Good laws are useless unless they are enforced. Thus the revision of the laws is closely linked with those who will enforce it – the judiciary, the prosecutor’s office and the police. Only if the laws are enforced and respected can there be a rule of law.
The judiciary in a state should be the last bastion for the protection of the rights of the individual. The Supreme Court in Khartoum has, in fact, sometimes overturned decisions in lower courts where defendants have been sentenced without lawyers and on the basis of confessions extracted under duress. Sometimes prosecutors have ended proceedings where security forces have tortured detainees to obtain spurious confessions. But many more prosecutors have accepted the human rights violations carried out by the national security forces and many judges have imposed cruel, inhuman and degrading punishments in unfair trials without the accused benefiting from lawyers or from appeal.
In SPLM areas, the justice system and the rule of law need to be fundamentally strengthened. At present judges have no power to enforce decisions against SPLM commanders and their decisions are reportedly frequently overturned. The Southern Sudanese urgently need a network of independent lawyers who can provide legal aid to all those arrested or charged.
An independent and impartial judiciary is the cornerstone of the right to a fair trial in international law. It ensures that the interests of justice and the requirements of fairness and rule of law are served in a broad sense, including by preventing abuse of power by executive authorities at all levels and other political influences over law enforcement and justice.
Recommendations:
- As a first step to show its seriousness about the rule of law, the President of Sudan should immediately abolish the Emergency Laws before the end of the donors’ conference.

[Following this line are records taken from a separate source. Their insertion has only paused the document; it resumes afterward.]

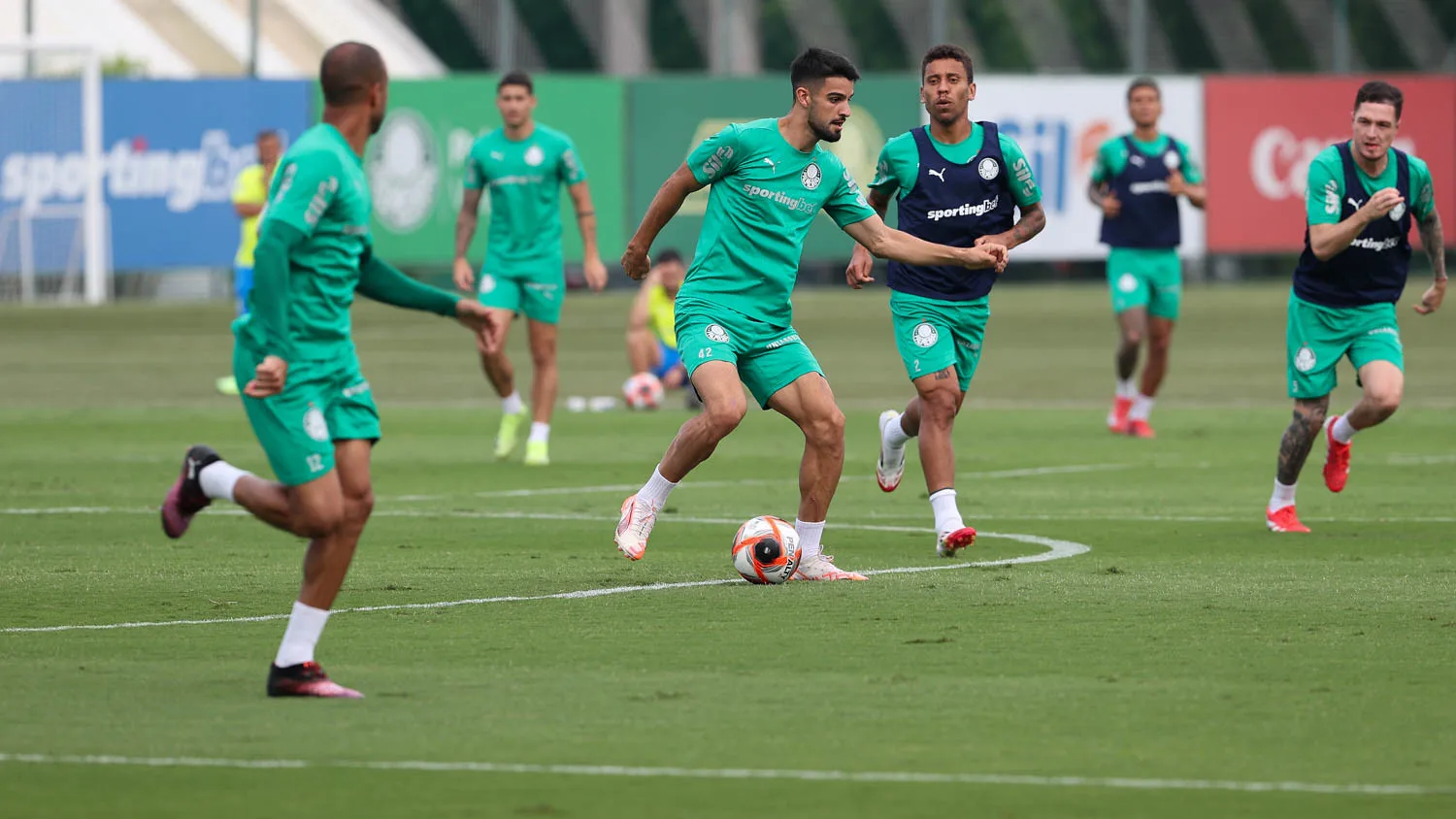 Jogadores do Palmeiras durante treinamento na Academia de Futebol (Foto: Cesar Greco/Palmeiras)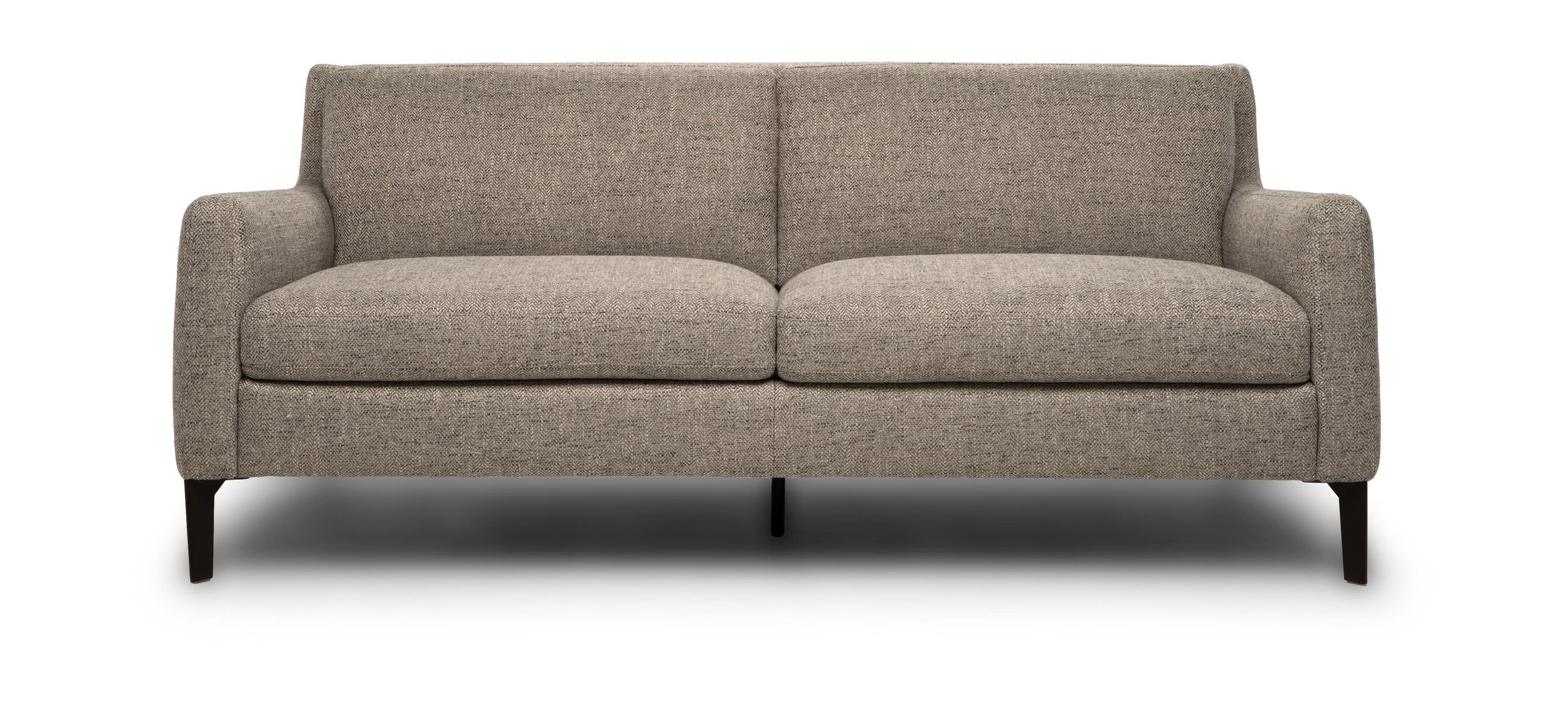 Quiete Fabric/Leather Sofa w/ Metal Legs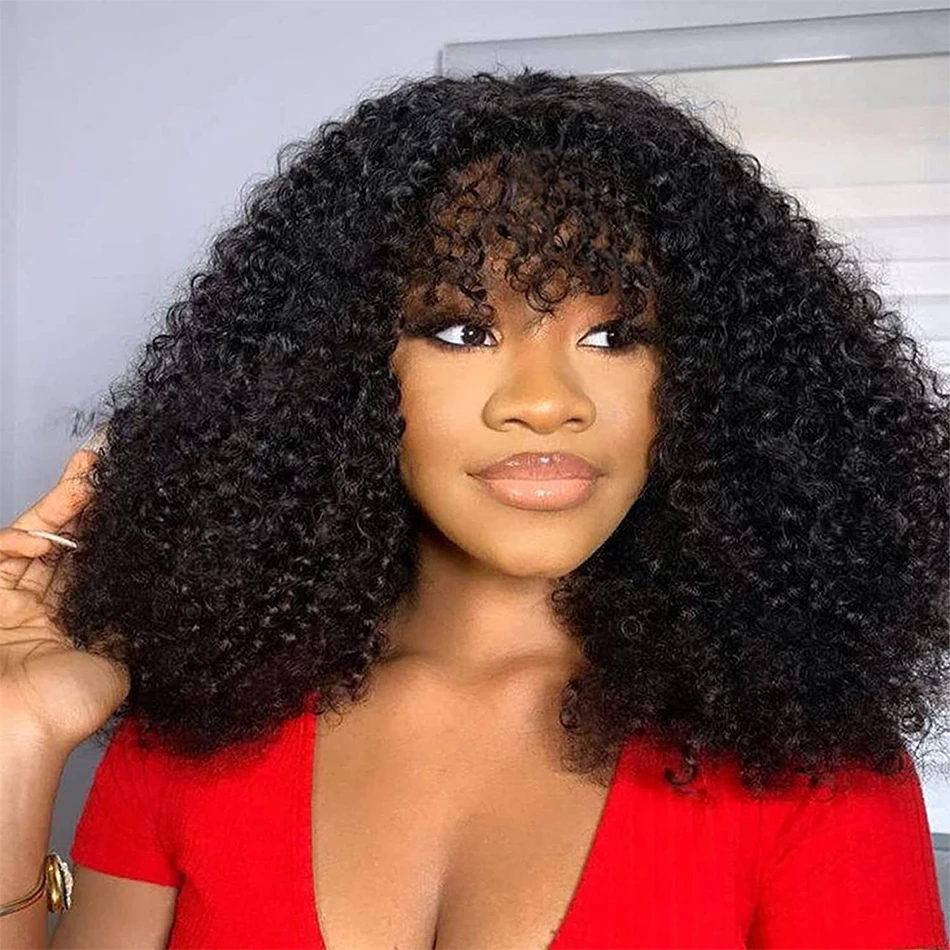 

DreamDiana 10A Remy Indian Hair Bob Curly 13X4 Lace Frontal Wigs With Bangs 250 Density Guleless Afro Kinky Curly Front Lace Wig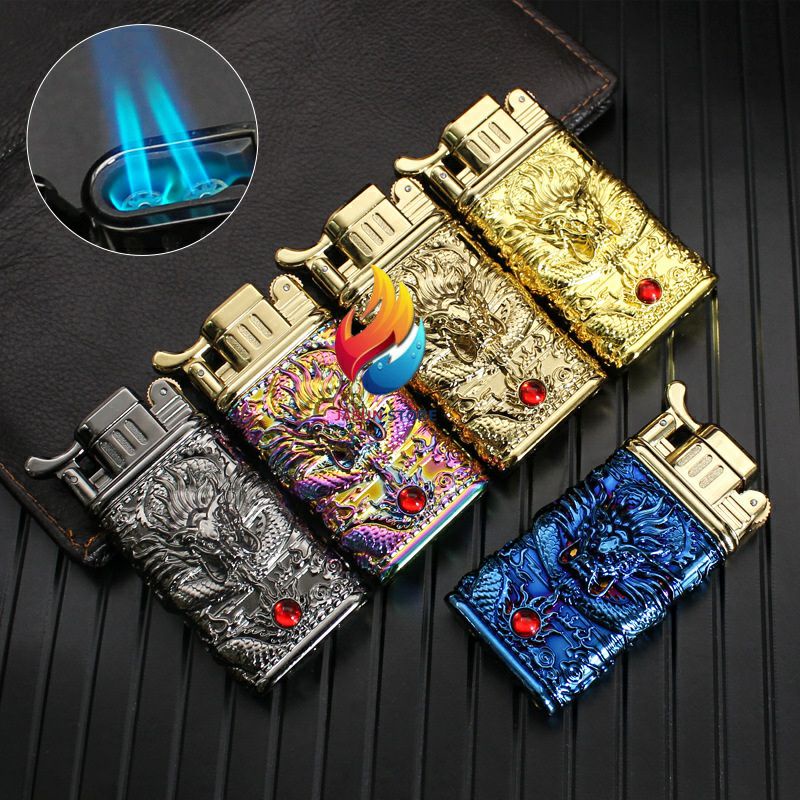 Mancis Premium Korek Api Roda Las Gas 2 Api Lighter Motif Naga Dragon XF-2103 1855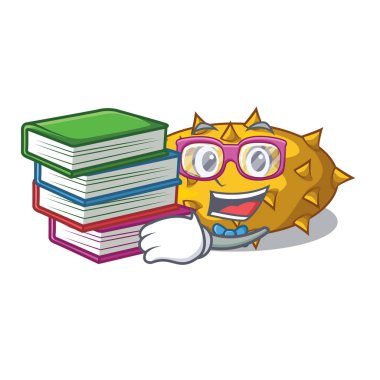 Öğrenci kitap bir karakter vektör illüstrasyon izole Kiwano meyve ile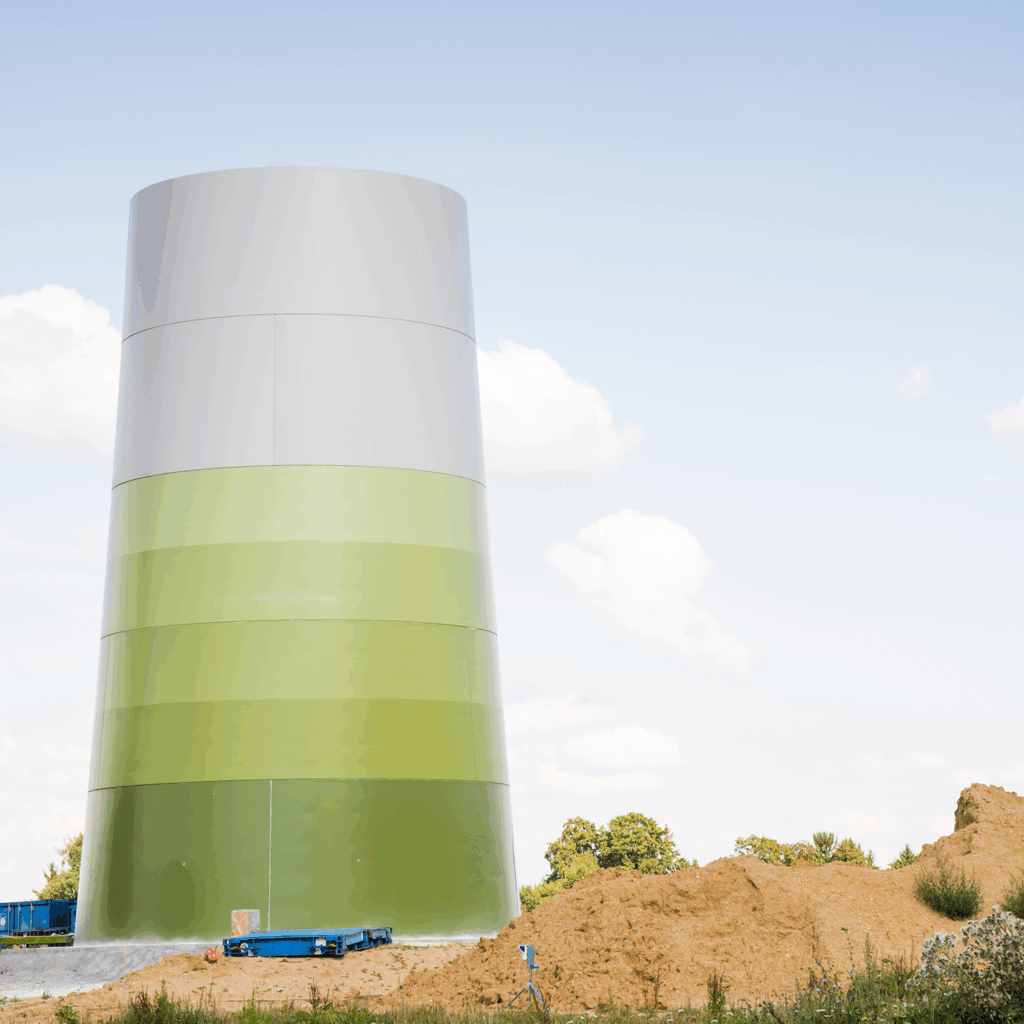 uferdig base på en vindmølle, ca. 1/4 del ferdig. I fin gradering fra mørkegrønn til hvit øverst.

- As part of the revision of the laws envisaged in the JAM Framework, National Security Forces Act Article 31 (allowing prolonged detention without charge) and Article 33 (allowing national security forces members immunity from prosecution) and Article 10(i) of the 1993 Law of Evidence (allowing evidence obtained by torture to be accepted) should be abolished without delay;
- Reforms of the law should be drafted in close consultation with Sudanese civil society, including groups working on behalf of the rights of women.
- The judiciary and prosecutors from north and south should receive training in human rights standards especially regarding detention and trial.
5. Restructuring the police, retraining the army, and monitoring detention centres
The Sudanese government has used a secretive and unaccountable security apparatus to violate human rights with impunity. The Sudanese national security forces have consistently acted as a tool of oppression rather than a force which protects the people. The fact that up to now, three months since the Comprehensive Peace Agreement, the security forces continue to carry out arbitrary detentions, to hold those suspected of political opposition in prolonged incommunicado detentions without charge or trial, and that lawyers and human rights activists continue to receive many reports of torture, does not give hope for change.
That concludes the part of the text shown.